During the rubble (or collapsed economic cycle 2007-2012), reallionaires have been switching to new property sectors, in particular, green real estate, whilst novices are still buying traditional assets. This newly emerging property sector, green real estate (GRE) may be defined as a convergence between green technology and the reinvention of ageing property assets, such as, car parks reinvented into solar car parks or EV recharging stations. The green property sector consists of property assets, such as, solar farms, agro-fuel estates, landfill gas sites, energy from waste facilities, solar car parks and bio-fuel plantations to name just a few. An astonishing US$211 billion was invested in this asset class in 2010, up by US$51b on its 2009 figures. As a result, green property is the most highly sort after property asset among reallionaires and there are some lucrative reasons why.
For starters, reallionaires are putting their money into the green real estate sector because it has pulling power when it comes to attracting capital. Not only are the World Bank and Sovereign wealth funds lending millions to developers and owners of green property projects, but many financial institutions and private equity firms are also throwing cash at developers of such property assets. As reported in various UK’s Newspapers, property tycoon, Vincent Tchenquiz through his acquisition vehicle, Consensus Group, raised over £71 million from sovereign wealth funds and institutional investors to acquire and develop solar farms, wind farms and bio-fuel refineries in South Africa. Likewise, in 2010, Vattenfall secure £150m from the European Investment Bank to develop a wind farm in Thurness Point, Kent UK.
Another reason why reallionaires are adding GRE assets to their property portfolio is due to the knowledge that it attracts near zero taxes and other types of investment incentives. It is now common knowledge, that the acquisition of green real estate is largely a tax free investment. Under Governments’ legislation in the UK and Europe, investors operating in the GRE sector pay less taxes, in comparison to their counterparts investing in mainstream commercial property. Additionally, capital gains tax is waived on most green property assets, such as, recycling centres. Further, other benefits reallionaires accrue from buying GRE, include, tax rebate, tax credit, carbon credit, Government loan guarantees, grants and feed-in-tariffs. Such incentives and promotional policies helped in making this sector recession proof over the last five years.

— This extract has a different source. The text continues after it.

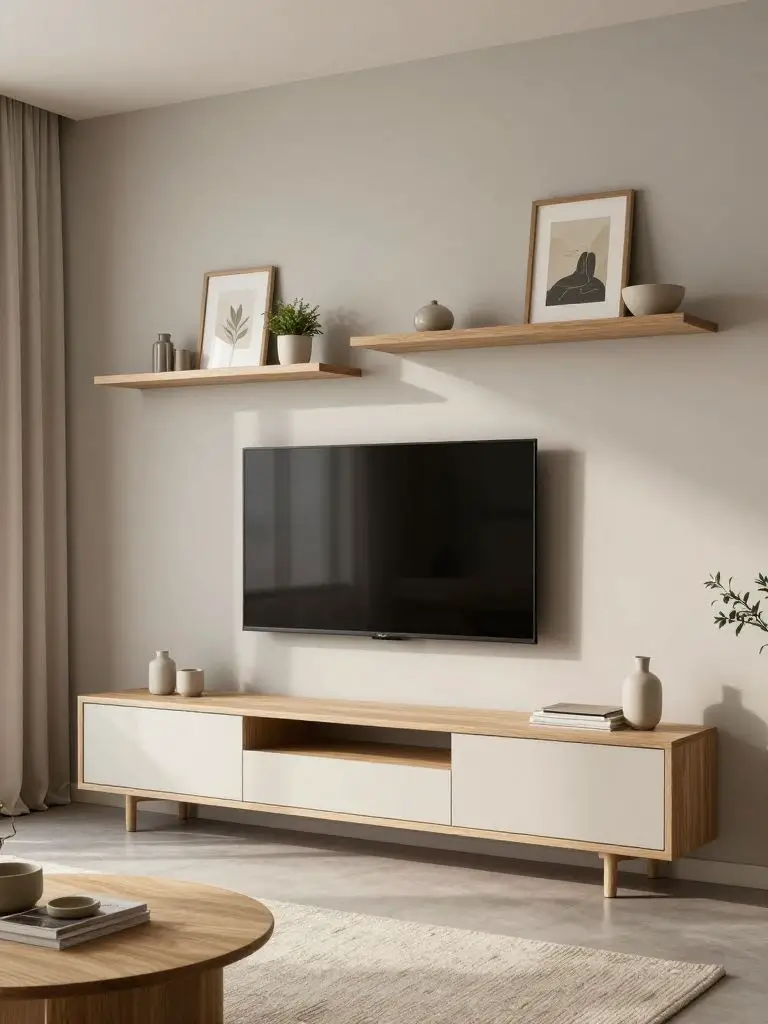 A Scandinavian-inspired minimalist TV wall featuring asymmetrical floating oak shelves above a wall-mounted television.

Third, but not last, reallionaies are in love with green property assets because, unlike other assets, it offers property investors three to four sources of income. Generally most property assets give investors a rental income (depending on the type of owner structure used). Nevertheless, in addition to rental income, GRE provides investors with carbon credit income and feed in tariff income. Reallionaires become mega rich by acquiring high performing assets that provide them with multiple streams of income. To this end, it is abundantly clear why reallionaires and other super rich investors are chasing green real estate assets.